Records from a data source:
● ● ●

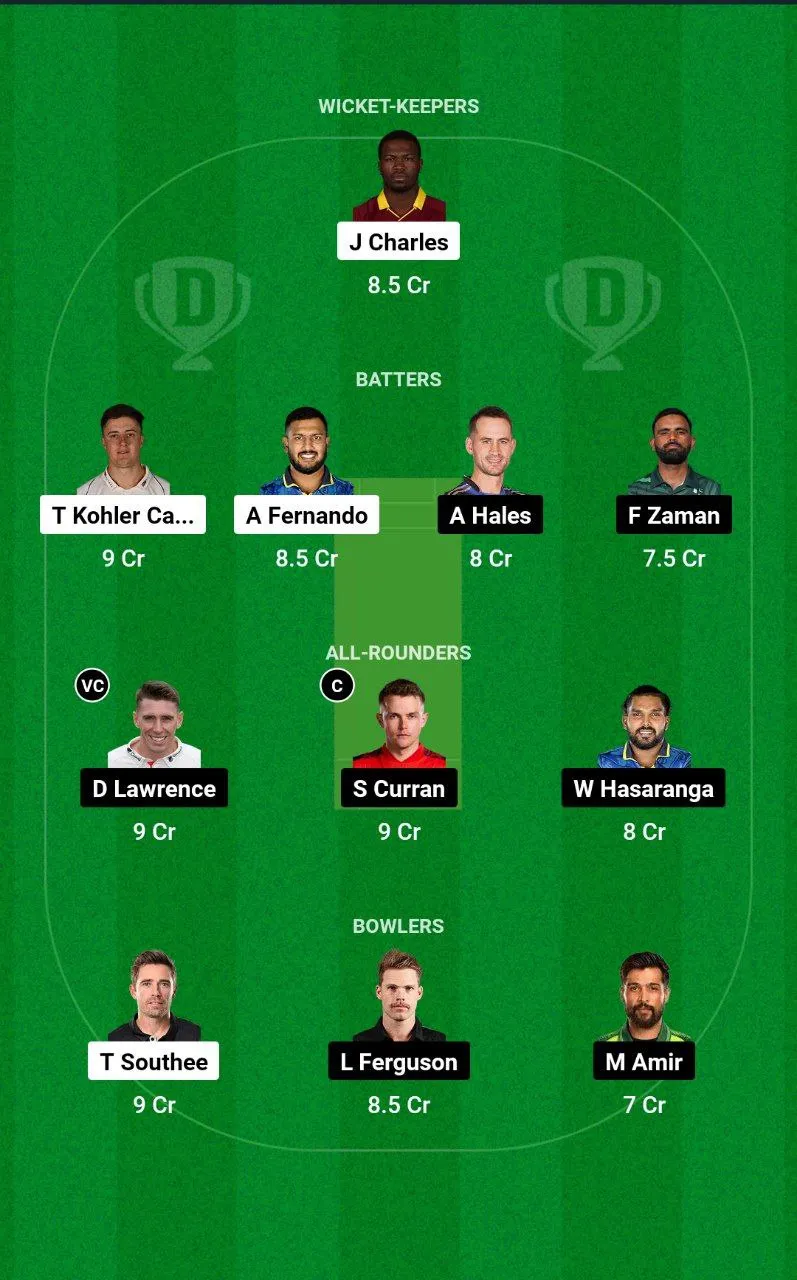SWR vs DV ILT20 League, 2025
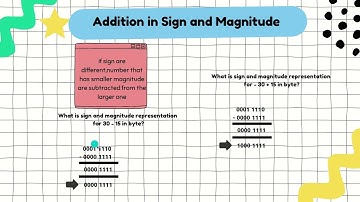 Csc429 Project:Sign and Magnitude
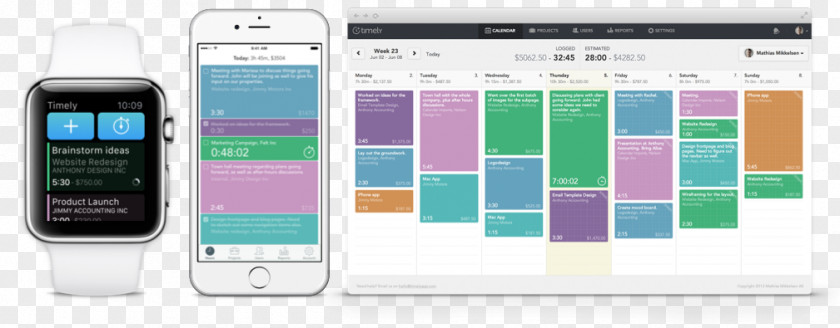 Iphone Time-tracking Software Project Management PNG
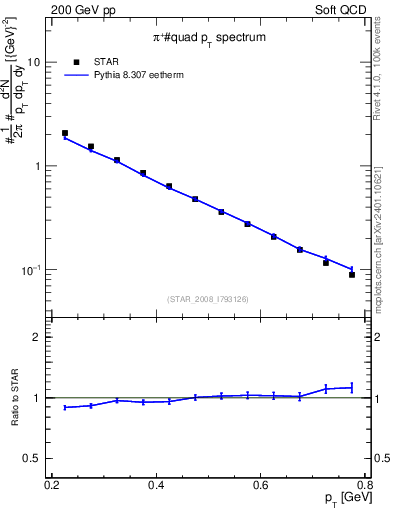 Plot of pip_pt in 200 GeV pp collisions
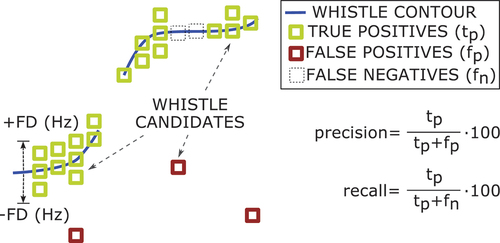 Figure 3. Precision and recall of whistle candidates can be obtained by looking for the true positive, the false positives, and the false negatives. FD is the maximum frequency deviation from the ground truth whistle contour.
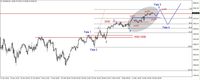 Wykres 2. Kontrakty na indeks S&P500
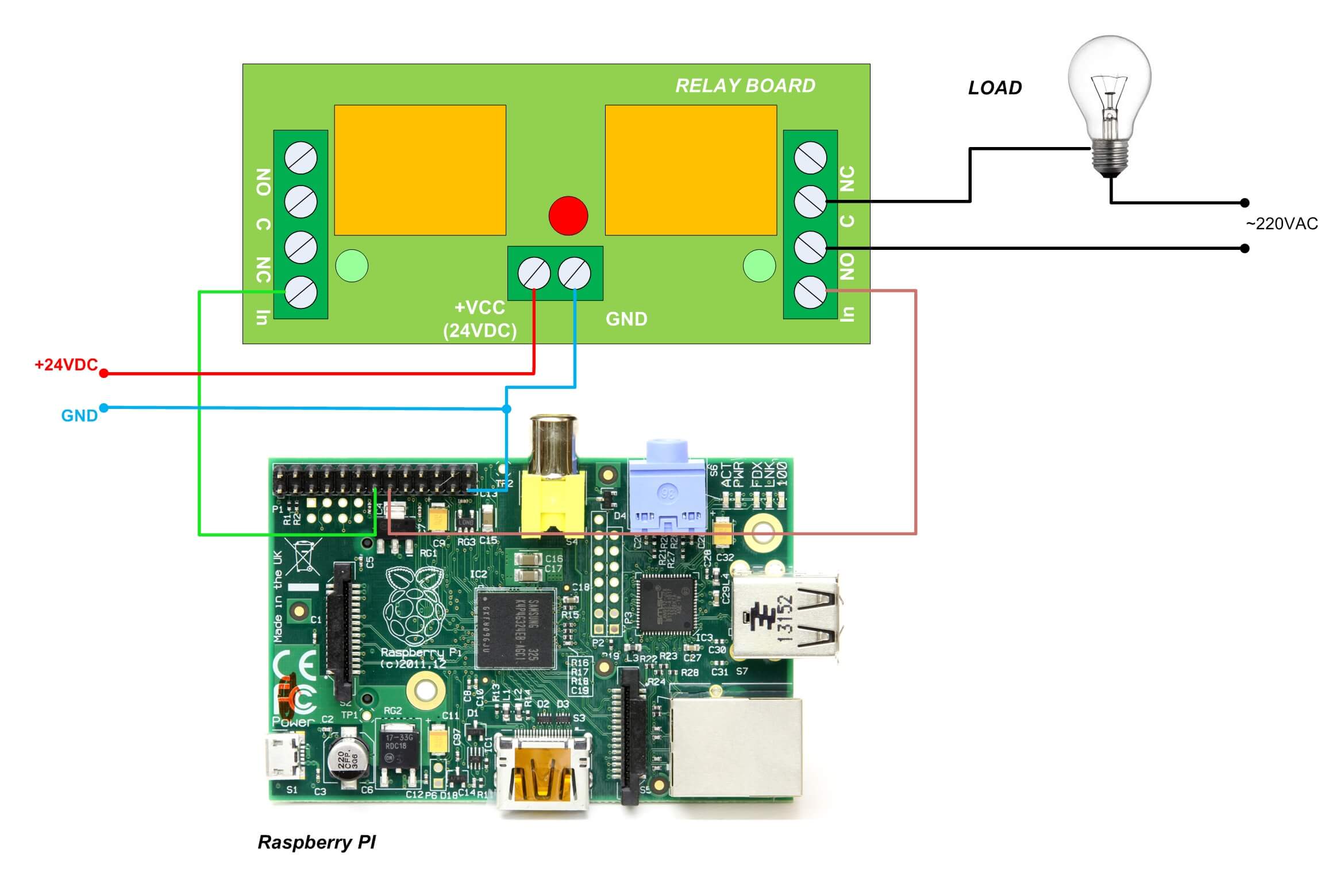 relay board connected to Raspberry PI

● ● ●

Exercise: All records above are to be repeated exactly, with the images left out.

Result below:
SWR vs DV ILT20 League, 2025
 Csc429 Project:Sign and Magnitude
 Iphone Time-tracking Software Project Management PNG
 Plot of pip_pt in 200 GeV pp collisions
 Figure 3. Precision and recall of whistle candidates can be obtained by looking for the true positive, the false positives, and the false negatives. FD is the maximum frequency deviation from the ground truth whistle contour.
 Wykres 2. Kontrakty na indeks S&P500
 relay board connected to Raspberry PI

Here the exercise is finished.